Giroux peripherally swirled a pass onto the winger’s stick for a quick shot that caught the stick of Boston defenseman Zdeno Chara, and caught the Bruins — and particularly goaltender Jaroslav Halak — by surprise.

That goal, at 7:16 of the first period, cut an early two-goal deficit in half, allowing his team — so often deemed fragile in makeup — to believe it could repeat the formula of Monday night, when the Flyers rallied from a similar situation to post a 7-4 victory over Minnesota.

It also finally rewarded what has been, for Lindblom, an extended stretch of noticeable play.

``I felt I was close over the last few games,’’ he said. ``It’s tough. You want to score a goal so much you start thinking way too much. I feel more relaxed now. Just trust yourself and shoot the puck.’’

It’s impossible to note this, or the improved play of Nolan Patrick, or even the seamless ascension (so far) of the man-child Hart, without looking to Gordon. These are big pieces to the Flyers future, and for much of this season, there was a hint, if not fear, that there had been a gross miscalculation.

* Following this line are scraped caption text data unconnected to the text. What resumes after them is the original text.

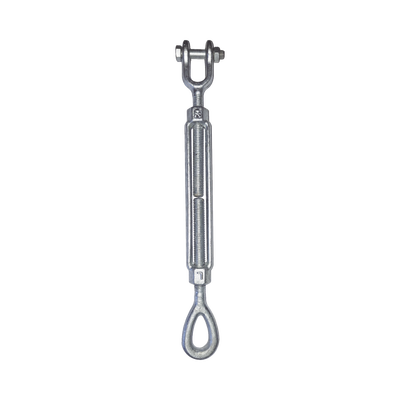Tensor de 1/2" x 9" Acero Forjado OJO-QUIJADA Galv. Inmersión en Caliente (Carga Max. 2200 lbs). | TEN1/2X9OQJ
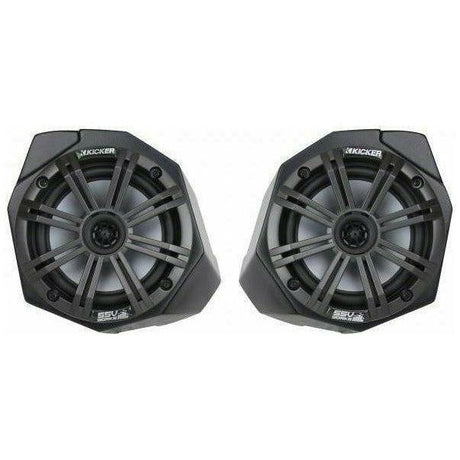 Can Am X3 6.5" Front Kick Speaker Pods | SSV Works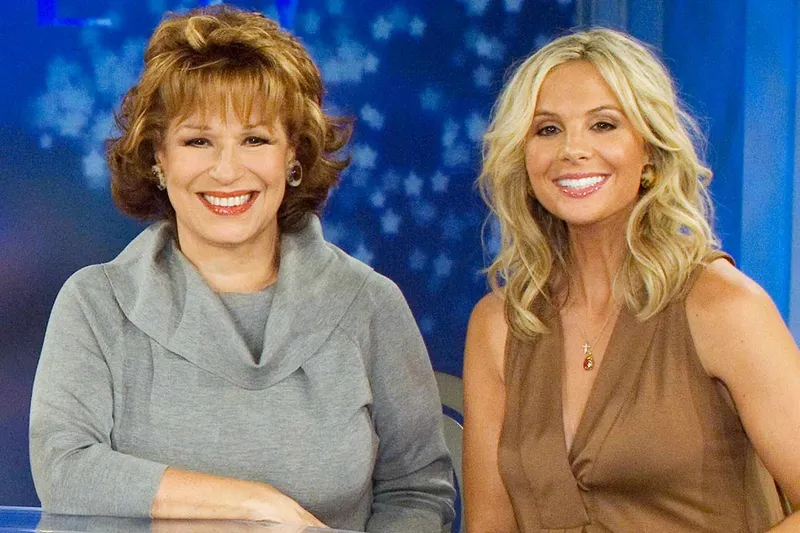 Drama Alert: Elisabeth Hasselbeck's Fiery Return to The View After Publicly Slamming Joy Behar as 'Sinking Ship'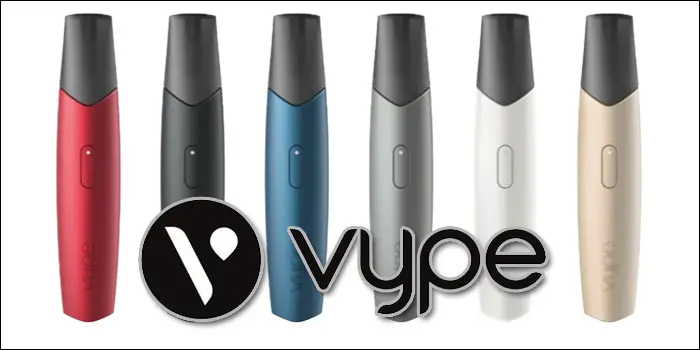 BATのVAPEブランド「vype」のイメージ画像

Lindblom’s goal was only his fifth, and Patrick’s gears still slip from fifth to third too much, but that word maturity sure has popped up a lot since the 20-year-old rookie was given the net, and the 55-year-old Gordon, a former goalie, was promoted to coach him.

Hart, strangely but promisingly, has injected a sense of renewed fun in these Flyers, the root of their oft-cited maturity. Lindblom said, ``I feel that a lot … . He’s a pro. But he’s a funny guy.’’

Hart said, ``Since I’ve got here, I’ve felt they were a special group of guys. I’ve said it a million times, because it’s true. I love playing with these guys. I don’t want to go anywhere. I want to stay right here.’’

The feeling, it’s fair to say, is mutual.